Cinéma

L’Espace que j’ai vu… un portrait de l’architecte Pierre Thibault : Dans l’espace-temps d’un architecte

L’Espace que j’ai vu… un portrait de l’architecte Pierre Thibault, d’Anne-Marie Tougas, livre un portrait plutôt juste de ce poète de l’architecture, grand humaniste… ou sosie de Richard Séguin.

Il paraît tout naturel, se dit-on, que l’architecte devenue cinéaste Anne-Marie Tougas fasse un film sur sa première profession. Pourtant, non; au dire de celle qui signe son deuxième documentaire, L’Espace que j’ai vu… un portrait de l’architecte Pierre Thibault ne s’est pas fait par amour pour ce métier.

"Architecte du paysage, précise d’abord celle qui a travaillé deux ans pour la Ville de Montréal. Après 18 ans de scolarité et deux ans de pratique, je me suis rendu compte que je n’aimais pas ça. C’est Pierre Thibault qui m’a ramenée à l’architecture. Il m’a guérie."

L’Espace que j’ai vu… n’est pas un documentaire sur l’architecture. C’est avant tout la rencontre avec un homme, Pierre Thibault, qui se trouve à être un architecte. Peu ordinaire, selon Anne-Marie Tougas. Un humaniste, un grand, dans la lignée de Raymond Klibansky, le philosophe montréalais au coeur de son précédent et premier long métrage (Raymond Klibansky, de la philosophie à la vie).

"Pierre Thibault est un être sensible à l’autre, à ses besoins, dit-elle. Il y a des architectes qui ne cherchent qu’à mettre leur marque sur la place publique. C’est leur ego, leur signature qui compte. Pierre, non. Ce qu’il veut, c’est que les gens puissent mieux vivre."

Pour la cinéaste, réaliser ce film a été toute une expérience. Pas tant parce le travail en a été un de longue haleine (elle l’a porté neuf ans), mais parce que côtoyer Pierre Thibault semble être, en soi, une aventure: "Ce ne sont pas seulement des maisons que je visite, assure-t-elle. Quand on entre là, on est dans un autre espace-temps."

La dizaine de bâtiments qui apparaissent à l’écran – "à dix, on les a presque tous, affirme la cinéaste, Pierre n’est pas quelqu’un qui produit beaucoup" – se fondent dans leur environnement. Résidences dans les bois, théâtre d’été, monastère, Fondation Jean-Pierre-Perreault… Ce sont des espaces ouverts, épurés, jamais rectilignes et toujours surprenants. Combien d’entre vous peuvent se vanter d’avoir un vrai arbre, planté dans la terre, qui traverse leur salon?

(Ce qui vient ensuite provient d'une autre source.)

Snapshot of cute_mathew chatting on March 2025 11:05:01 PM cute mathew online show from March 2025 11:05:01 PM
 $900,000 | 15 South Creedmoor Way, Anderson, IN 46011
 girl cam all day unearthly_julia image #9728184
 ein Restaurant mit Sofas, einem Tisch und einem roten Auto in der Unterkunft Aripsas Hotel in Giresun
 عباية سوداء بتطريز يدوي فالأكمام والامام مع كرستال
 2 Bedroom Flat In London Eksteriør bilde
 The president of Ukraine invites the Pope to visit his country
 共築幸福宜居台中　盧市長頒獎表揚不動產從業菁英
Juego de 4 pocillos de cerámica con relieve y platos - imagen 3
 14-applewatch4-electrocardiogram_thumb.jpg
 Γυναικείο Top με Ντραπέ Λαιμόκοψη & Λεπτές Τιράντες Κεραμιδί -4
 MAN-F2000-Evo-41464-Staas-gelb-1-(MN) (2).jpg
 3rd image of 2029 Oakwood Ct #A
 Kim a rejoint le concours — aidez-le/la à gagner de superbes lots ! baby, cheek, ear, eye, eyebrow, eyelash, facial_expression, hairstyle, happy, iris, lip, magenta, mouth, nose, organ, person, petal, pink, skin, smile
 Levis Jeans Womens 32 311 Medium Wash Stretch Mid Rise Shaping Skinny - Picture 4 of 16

Exempt de l’habituelle voix off qui vient tout raconter, L’Espace que j’ai vu… s’en trouve du coup allégé. Sa mission documentaire n’en est pas pour autant écorchée. On en apprend beaucoup, sinon plus, sur l’homme et son oeuvre. C’est lui-même d’ailleurs qui a les mots justes. Un bon communicateur, visiblement, naturel, "authentique", selon Anne-Marie Tougas.

Le ton n’est pas toujours à la retenue, remarquez. Mielleuses parfois, forcées, les interventions de ses proches ne disent pas grand-chose, sinon que l’architecte est d’une grande écoute. Un bon gars, quoi.

La réalisation, elle, demeure sobre, même dans les petites touches d’animation qui viennent colorer les dessins à l’aquarelle que Pierre Thibault crée, à l’écran, devant des sublimes paysages.

Anne-Marie Tougas fait aussi un usage intelligent de ses propres archives, ayant suivi l’architecte depuis 1996, en Mauricie, à Rome ou à Paris. Encore une fois, elle évite de suivre la norme. Et si ce n’était de la longueur des cheveux de Thibault, hier courts, aujourd’hui à la Richard Séguin, on ne saurait rien du passage du temps. Reste qu’à 46 ans, Pierre Thibault a encore davantage des années devant que derrière lui.